There is a growing consensus in the print media to call that guerilla army “Islamic State.” Television journalists are more likely to call it “ISIS” which is an acronym for the Islamic State of Iraq and Syria. President Obama, demonstrating the kind of fatuous pedanticism that makes even his fans gag, insists on calling the group “ISIL” which stands for the Islamic State of Iraq and the Levant. Whatever you call them, they are the bag of nuts who have beheaded four Americans and Brits on YouTube, in whose name a French tourist was beheaded in Algeria and who publish a slick, weekly webzine called the Islamic State Report. This week’s issue includes a long article explaining how the Koran compels true believers to sell captured women and children into sex slavery.
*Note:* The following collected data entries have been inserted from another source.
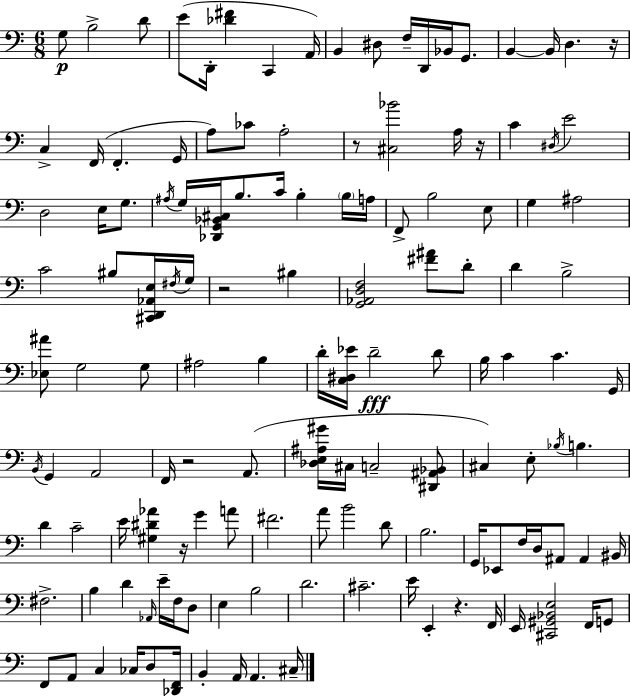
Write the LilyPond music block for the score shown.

{
  \clef bass
  \numericTimeSignature
  \time 6/8
  \key c \major
  g8\p b2-> d'8 | e'8( d,16-. <des' fis'>4 c,4 a,16) | b,4 dis8 f16-- d,16 bes,16 g,8. | b,4~~ b,16 d4. r16 | \break c4-> f,16( f,4.-. g,16 | a8) ces'8 a2-. | r8 <cis bes'>2 a16 r16 | c'4 \acciaccatura { dis16 } e'2 | \break d2 e16 g8. | \acciaccatura { ais16 } g16 <des, g, bes, cis>16 b8. c'16 b4-. | \parenthesize b16 a16 f,8-> b2 | e8 g4 ais2 | \break c'2 bis8 | <cis, d, aes, e>16 \acciaccatura { fis16 } g16 r2 bis4 | <g, aes, d f>2 <fis' ais'>8 | d'8-. d'4 b2-> | \break <ees ais'>8 g2 | g8 ais2 b4 | d'16-. <c dis ees'>16 d'2--\fff | d'8 b16 c'4 c'4. | \break g,16 \acciaccatura { b,16 } g,4 a,2 | f,16 r2 | a,8.( <des e ais gis'>16 cis16 c2-- | <dis, ais, bes,>8 cis4) e8-. \acciaccatura { bes16 } b4. | \break d'4 c'2-- | e'16 <gis dis' aes'>4 r16 g'4 | a'8 fis'2. | a'8 b'2 | \break d'8 b2. | g,16 ees,8 f16 d16 ais,8 | ais,4 bis,16 fis2.-> | b4 d'4 | \break \grace { aes,16 } e'16-- f16 d8 e4 b2 | d'2. | cis'2.-- | e'16 e,4-. r4. | \break f,16 e,16 <cis, gis, bes, e>2 | f,16 g,8 f,8 a,8 c4 | ces16 d8 <des, f,>16 b,4-. a,16 a,4. | cis16-- \bar "|."
}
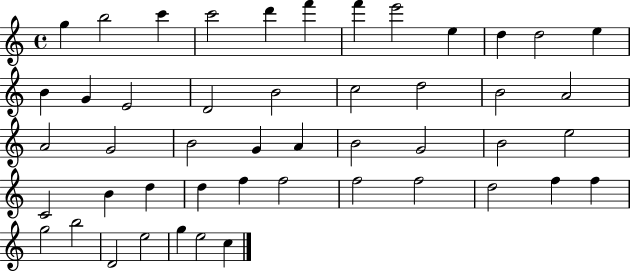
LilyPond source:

{
  \clef treble
  \time 4/4
  \defaultTimeSignature
  \key c \major
  g''4 b''2 c'''4 | c'''2 d'''4 f'''4 | f'''4 e'''2 e''4 | d''4 d''2 e''4 | \break b'4 g'4 e'2 | d'2 b'2 | c''2 d''2 | b'2 a'2 | \break a'2 g'2 | b'2 g'4 a'4 | b'2 g'2 | b'2 e''2 | \break c'2 b'4 d''4 | d''4 f''4 f''2 | f''2 f''2 | d''2 f''4 f''4 | \break g''2 b''2 | d'2 e''2 | g''4 e''2 c''4 | \bar "|."
}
Most people in the west agree, hoorah for the three No Surrender patch holders. Here’s wishing them good luck. What was the name of that club again?
Who
The enlistment of the three patch holders was announced by No Surrender president Klaas Otto who has previously demonstrated a talent for public relations. Sometimes Otto calls himself “General.”
No Surrender is an offshoot of another Dutch motorcycle club called the Satudarah Motorcycle Club. No Surrender’s mother chapter clubhouse is a former Satudarah clubhouse in a town called Zundert. Both clubs are growing very fast. No Surrender was founded in late 2012 and now has 33 chapters in Holland, Germany, Spain and Belgium. According to published reports No Surrender has 160 members in Spain alone.
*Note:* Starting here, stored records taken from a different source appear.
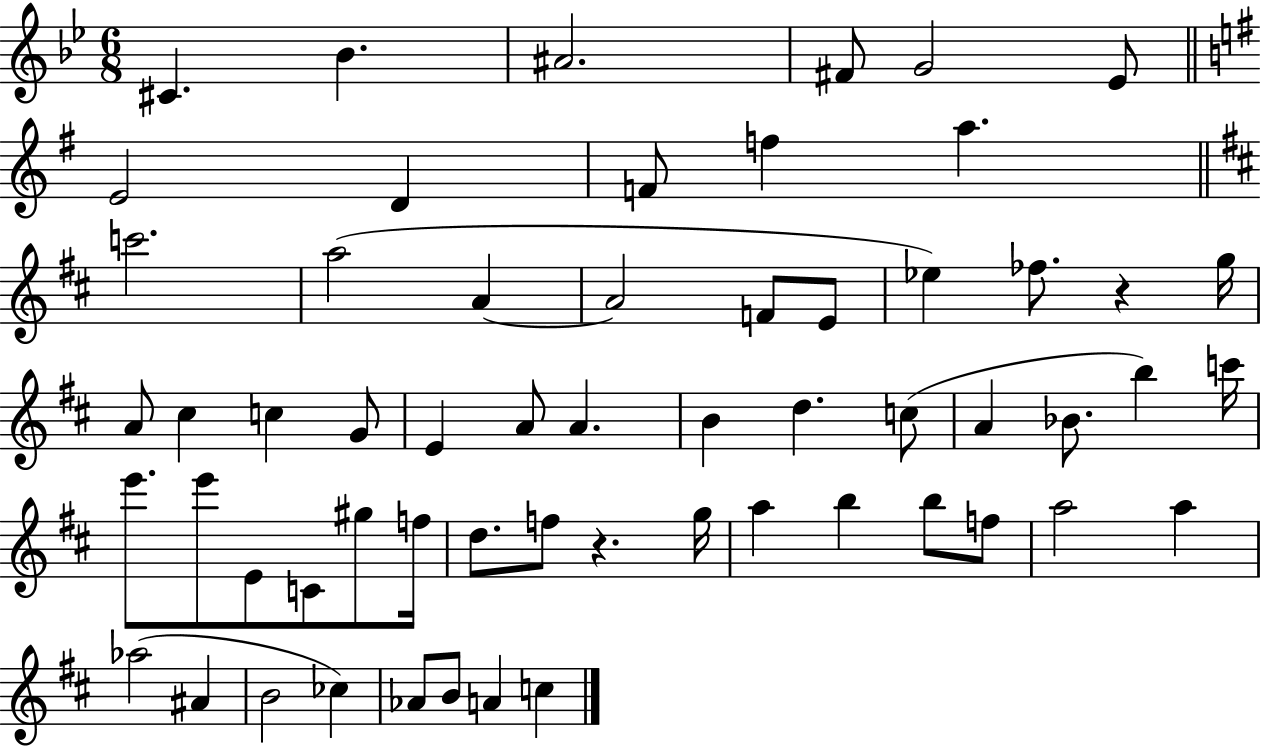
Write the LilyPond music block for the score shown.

{
  \clef treble
  \numericTimeSignature
  \time 6/8
  \key bes \major
  \repeat volta 2 { cis'4. bes'4. | ais'2. | fis'8 g'2 ees'8 | \bar "||" \break \key e \minor e'2 d'4 | f'8 f''4 a''4. | \bar "||" \break \key d \major c'''2. | a''2( a'4~~ | a'2 f'8 e'8 | ees''4) fes''8. r4 g''16 | \break a'8 cis''4 c''4 g'8 | e'4 a'8 a'4. | b'4 d''4. c''8( | a'4 bes'8. b''4) c'''16 | \break e'''8. e'''8 e'8 c'8 gis''8 f''16 | d''8. f''8 r4. g''16 | a''4 b''4 b''8 f''8 | a''2 a''4 | \break aes''2( ais'4 | b'2 ces''4) | aes'8 b'8 a'4 c''4 | } \bar "|."
}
Satudarah was founded by Dutch-Indonesians in 1990. It has 44 chapters in Holland and has chapters in Belgium, Spain, Indonesia, Malaysia, Singapore, Denmark, Sweden, Germany and Norway. Satudarah also claims eleven support clubs including a club in England. When it was founded, No Surrender patched over at least 100 members of Satudarah. Satudarah still has at least 800 members in Holland.
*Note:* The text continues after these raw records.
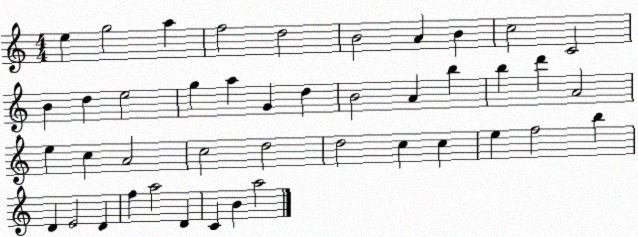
X:1
T:Untitled
M:4/4
L:1/4
K:C
e g2 a f2 d2 B2 A B c2 C2 B d e2 g a G d B2 A b b d' A2 e c A2 c2 d2 d2 c c e f2 b D E2 D f a2 D C B a2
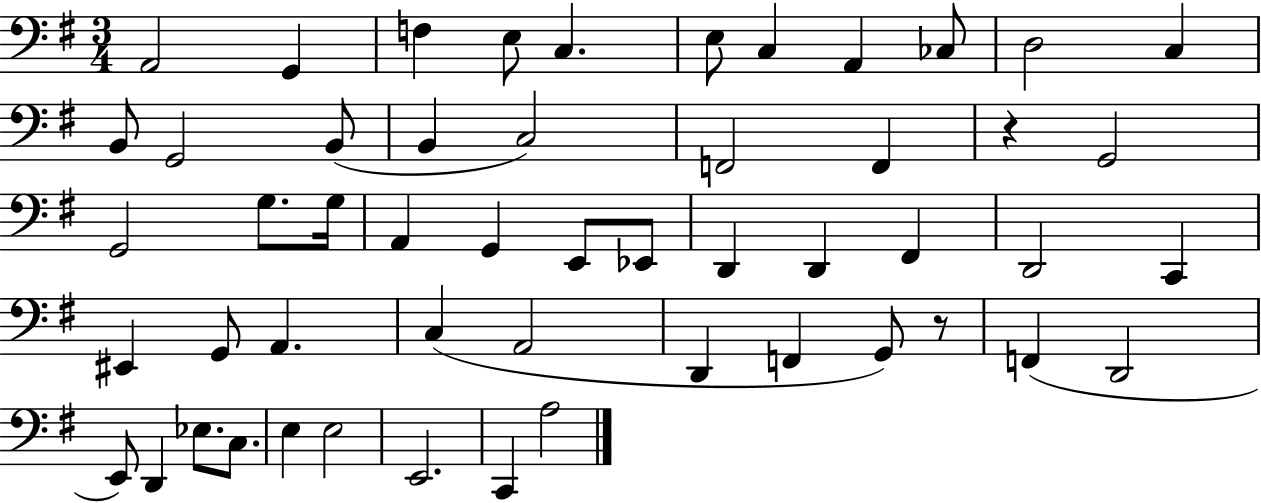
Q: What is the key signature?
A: G major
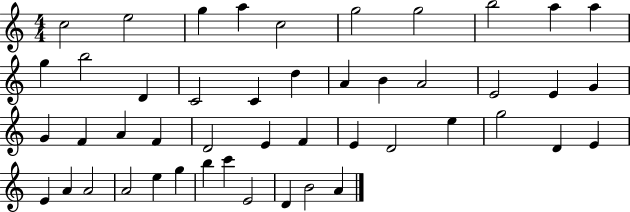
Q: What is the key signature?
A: C major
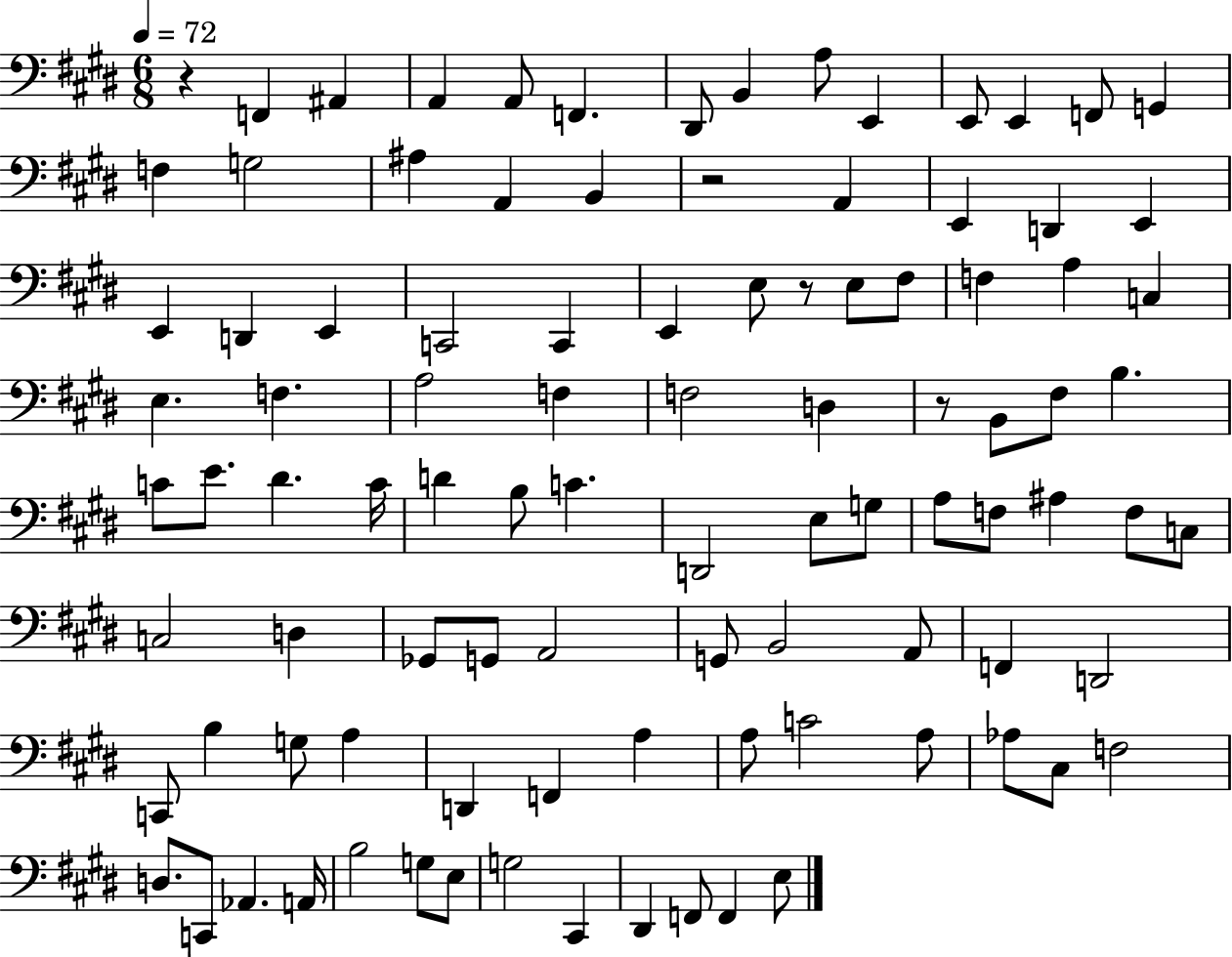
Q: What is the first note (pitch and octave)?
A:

Law Abiding And Multicultural
Dutch police and Otto have both accused Satudarah of being criminals. In an interview last year, Otto said, “For me Satudarah and the Angels are not so different. They are both traditional clubs with generally older bikers.”
Otto told a Dutch newspaper, “I have a club in mind that is open to motorcycle enthusiasts from all cultures. Whether it is for Turks, Moroccans, football hooligans, Gypsys or Antilleans, everyone is welcome. That gives No Surrender an obviously huge attraction which explains how we have grown so fast.”
Both clubs are “multicultural.” Satudarah’s members are mostly Dutch or an Indonesian minority called Ambonese but the club also has patched in Surinamese, Dutch Antilleans, Moroccans and Turks. Last year the Italian magazine Panorama reported that a No Surrender party included “halal food, ‘out of respect for our Muslim brothers,’ and a belly dancer.” Panorama also reported that No Surrender had “150 prospects” who were “Turks and Moroccans.” About 70,000 Kurds live in Holland.
So far, neither Satudarah nor No Surrender have announced plans to expand to the United States.